I'm told headbands provide a useful alternative to hair as an agent of sweat absorption. I recall Lillee rocking one in 1982 at Eden Park. One of the Sri Lankan ayakes (either Champaka Ramanayake or Rumesh Ratnayake - I can't remember) slung his way through the crease in the early 90s with a headband, too.
For a while our greatest batsman Martin Crowe made wearing one under your helmet fashionable but his was more in the style of Daniel San in Karate Kid. Shane Thomson wore a standard white headband under his helmet during the same period but didn't quite pull it off.
Anyway, we were talking about Chris Martin and what a great servant he's been to New Zealand cricket.
Chris Martin is the not so latest in a long line of great number 11s that we have produced. My first exposure to a true number 11 was through Ewen Chatfield. Chatfield's batting became legendary, particularly during the twilight of his career when his arrival at the tail end of a New Zealand innings was a moment to look forward to. Somehow, through his courage and lack of talent, he came to embody the national spirit of giving something a go even when you suck. Ironically he batted for a time with a Gray Nicholls four scoop - the most coveted bat at Parnell Cricket Club in the early 80s among juniors.

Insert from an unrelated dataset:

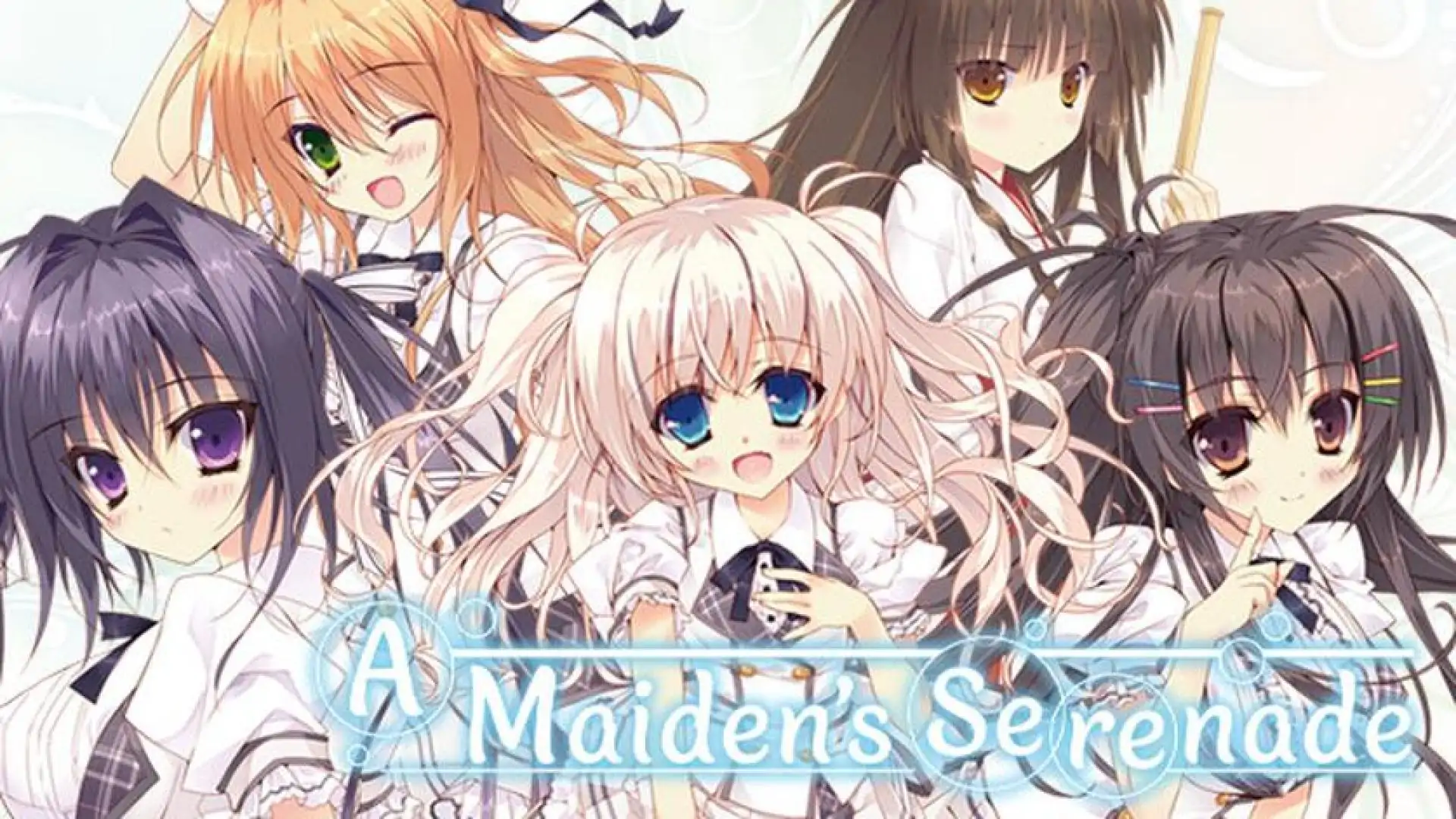 A Maiden's Serenade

Cricket is unique in the way it provides glaring mismatches during the course of a game. I can't think of another sport as cruel as the gentleman's game. It's not really fair to ask Chris Martin to face Dale Steyn - to me it's the cricketing version of pulling the wings off a fly. The worst bowler in the team isn't forced to bowl against the best batsman. In netball, we don't get to laugh while the centre shoots for a quarter. Do pitchers bat in baseball? Who knows? Who cares.
What was I talking about again? Oh, that's right, what an amazing servant to New Zealand cricket Chris Martin has been. Let's pray he gets to wear that headband one more time.
Can I suggest he goes more Karate Kid on it in the next test?